The rest is routine medicine, which is amazing to those of us who are not doctors, but actually is not all that amazing to those who do this regularly. The very first act was the most useful. IV fluids prevented my blood pressure from falling further, and, therefore, prevented me from going into shock, which was the biggest real risk at 6:00am.

This is precisely where early intervention prevented my case from becoming worse than it turned out to be (not that it wasn’t bad enough). Early IV fluids did the trick.

As it turned out, early IV fluids had another benefit. It is also what helped me survive the second administrative snafu at the ER unit, which was, once again, so egregious that it went beyond any definition for acceptable medical practice.

At about 6:45 we spoke with the head urologist about what they had decided to do — a cocktail of IV antibiotics and more fluids. It was settled, and because it seemed to satisfy my wife, that calmed me. He told us he was headed to the operating room for another prostrate case, and that he would check in after he was done. At around 7am I was transferred from the ER to a regular room on the second floor.

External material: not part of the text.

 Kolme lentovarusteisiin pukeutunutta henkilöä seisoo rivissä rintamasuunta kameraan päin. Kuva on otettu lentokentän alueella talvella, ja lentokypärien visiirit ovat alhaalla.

That all would have been ok, except somebody failed to communicate the doctor’s order to the nurses station at my new location. I arrived, and no nurse had any permission to do anything. Later the administrative scholar in me would wonder “Isn’t there some sort of checklist about such orders when a patient leaves the ER? Dell sends a piece of paper with every product as it moves, so where is my paper? This is easy for an MBA.”

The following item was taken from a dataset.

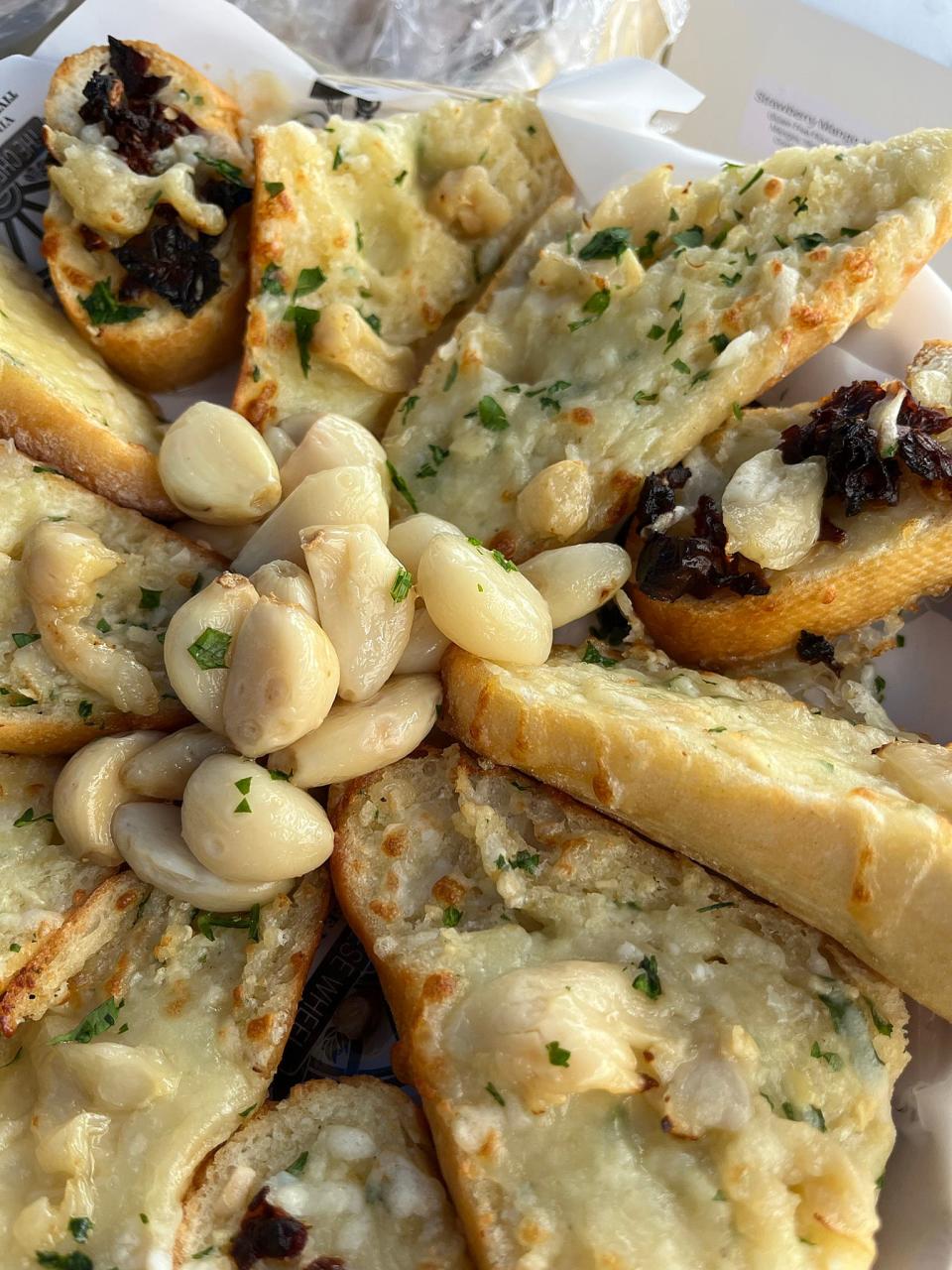The Cheese Wheel Village Market will have special garlic bread at Tiverton Farmers Market's inaugural Garlic Roast on Oct. 15, 2023.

But we did not know that at the time. Some delay is not surprising because I arrived at 7am, the moment when nursing shifts were changing. Nonetheless, after an hour my wife got fed up, and started gently and persistently inquiring (As I already said, I love this woman for a reason….). Calls were made, messages were left, and everybody knew the doctor was in the OR, but staff had changed shifts so it was hard to trace anything back. Nobody could find any orders or his chief resident. My wife knew the orders in detail from our conversations in the ER unit — even the specific antibiotics the doctors had decided to employ. But, of course, she could not write the order.

Here is why orders matter. Nurses cannot do anything until they have them. During this time the nurses were putting ice packs all around me for the fever (this actually works, BTW). They did not yet have permission to administer Tylenol (as I learned, there are ways to do this that are not oral). Additional IV packs sat there on hooks, but our nurse did not connect them because she did not have orders to do so. I only had the one IV bag from the ER. The situation was absurd. More to the point, the bacteria and my body were still fighting (white blood count at 17000). The delay was both unnecessary and medically dangerous.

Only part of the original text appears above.